The translation statistics plugin is a tool for finding missing translation strings in the DHIS 2 project.

Overview

Introduction

The translation statistics plugin is a tool for finding missing translation strings in the DHIS 2 project. It has been written as a Maven 2 plugin, and as such can be included in the build process. What it does is fairly straight forward:

  1. Finds all the translation files in the project (relative to the current path)
  2. Creates a data structure containing namespaces, locales and translations
  3. Creates coverage reports for each locale in a module, and lists missing translation strings for each locale.
  4. Creates a site HTML report (if run via the site-plugin)

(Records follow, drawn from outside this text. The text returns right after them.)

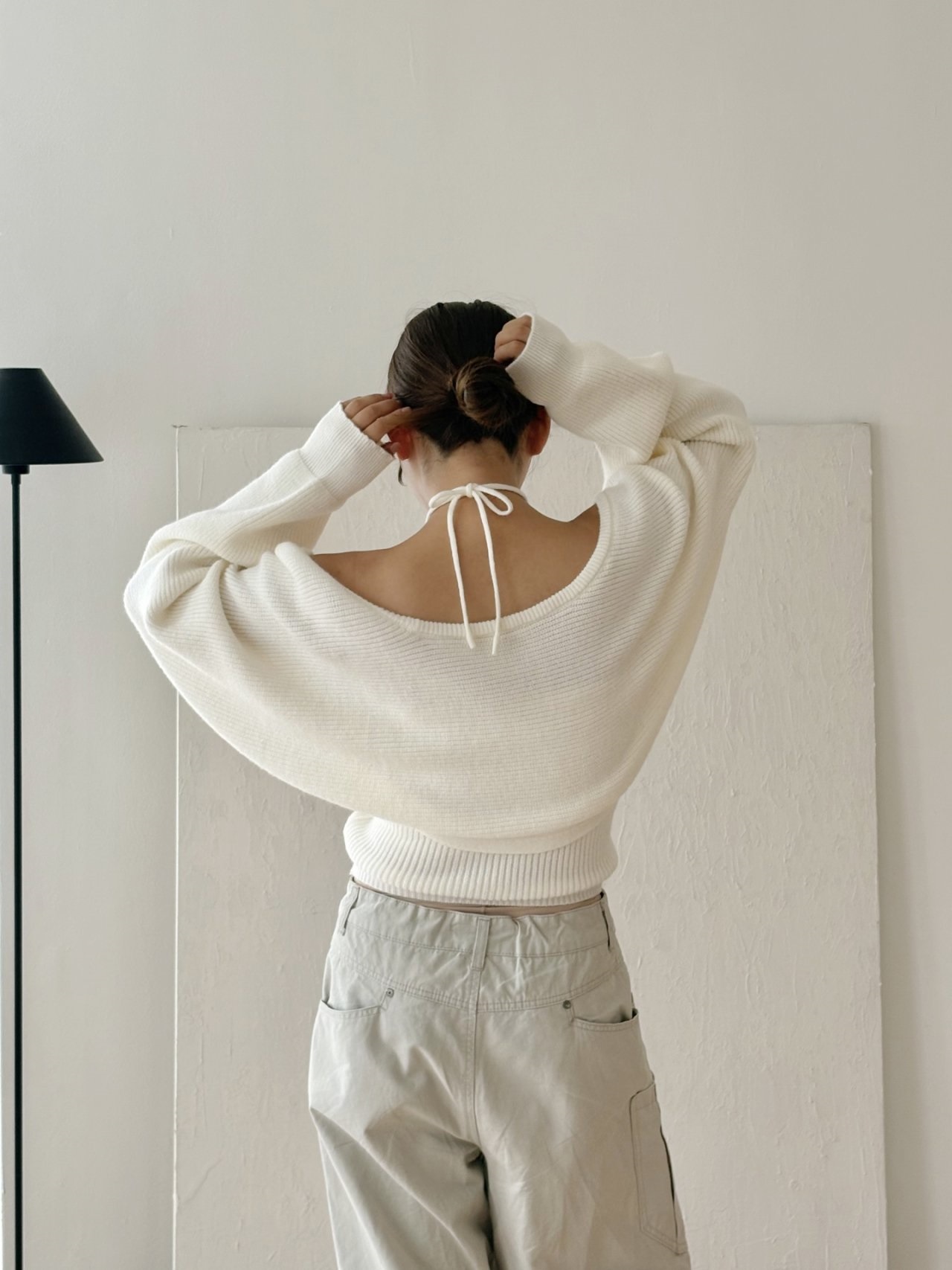 リブウール混ホルターネックボレロネックアンサンブル | 詳細画像15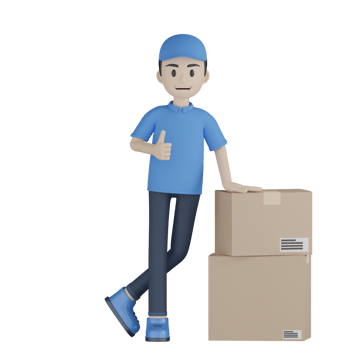 3d Isolated Courier in blue uniform png
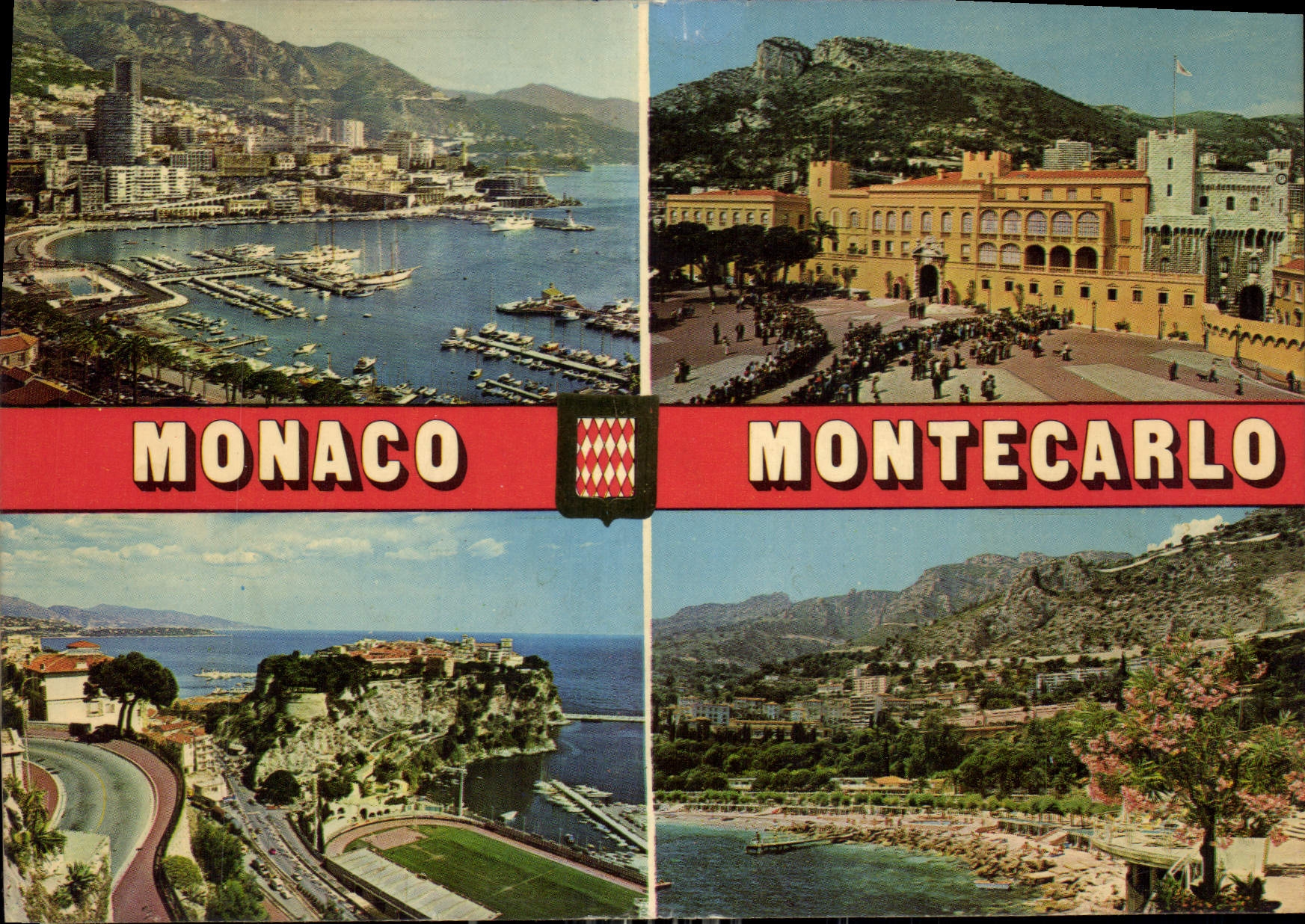 CPM Principaute de Monaco Le Palais Princier Vue du Port Le Rocher des Grimaldi Le Beach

Here is a like to a Use Case diagram that illustrates the functions of the plug-in. dhis-i18n-Use-Case-diagram.png

It is worth noticing that at the time of writing, site has not been properly configured in DHIS 2. This means that the plugin must be run manually. This is not a major drawback, however, as we see that a natural way of working would be to run the plugin for each module during development.

Design

We chose to create the plugin by seperating it into three parts, and doing one part each. First part is the gathering of the files containing translations, then analyzing these files, and finally reporting the results. The plugin is defined as a maven report plugin (see http://docs.codehaus.org/display/MAVENUSER/Write+your+own+report+plugin for a quick introduction to report-plugins, while http://maven.apache.org/guides/plugin/guide-java-plugin-development.html gives a nice intro to maven plugin-development).

The main plugin class is GenerateI18nReport. Depending on how the plugin is called, one of two methods, execute() (if called manually) and executeReport() (if called by site) is called. These methods have more or less the same work-pattern, in that they:

  • Create a FileProvider-object
  • Creates a List of files containing translations by calling Fileprovider.getFilenames()
  • Creates a TranslationStatisticsEngine-object
  • Creates a TranslationStatistics-object by calling analyze("List")
  • Creates a ReportGenerator-object
  • Calls ReportGenerator.generateReports() or ReportGenerator.generateWebReports() depending on how the plugin was called

Thus the list of files is creates, analyzed and finally reported. Look at the following two links of UML class and sequence diagram for more detail on the design and internals of the plug-in.

Parameter Configuration

There are also two parameters associated with the plug-in. namely ignoreStr and matchedStr. The first one is the java Regular expression string that match?s the file names you wonted to ignore and the second one is the files you wonted to find. However these parameter er given a default value if the user doesn?t providing. The default value er specific to DHIS 2 file naming convention ass following.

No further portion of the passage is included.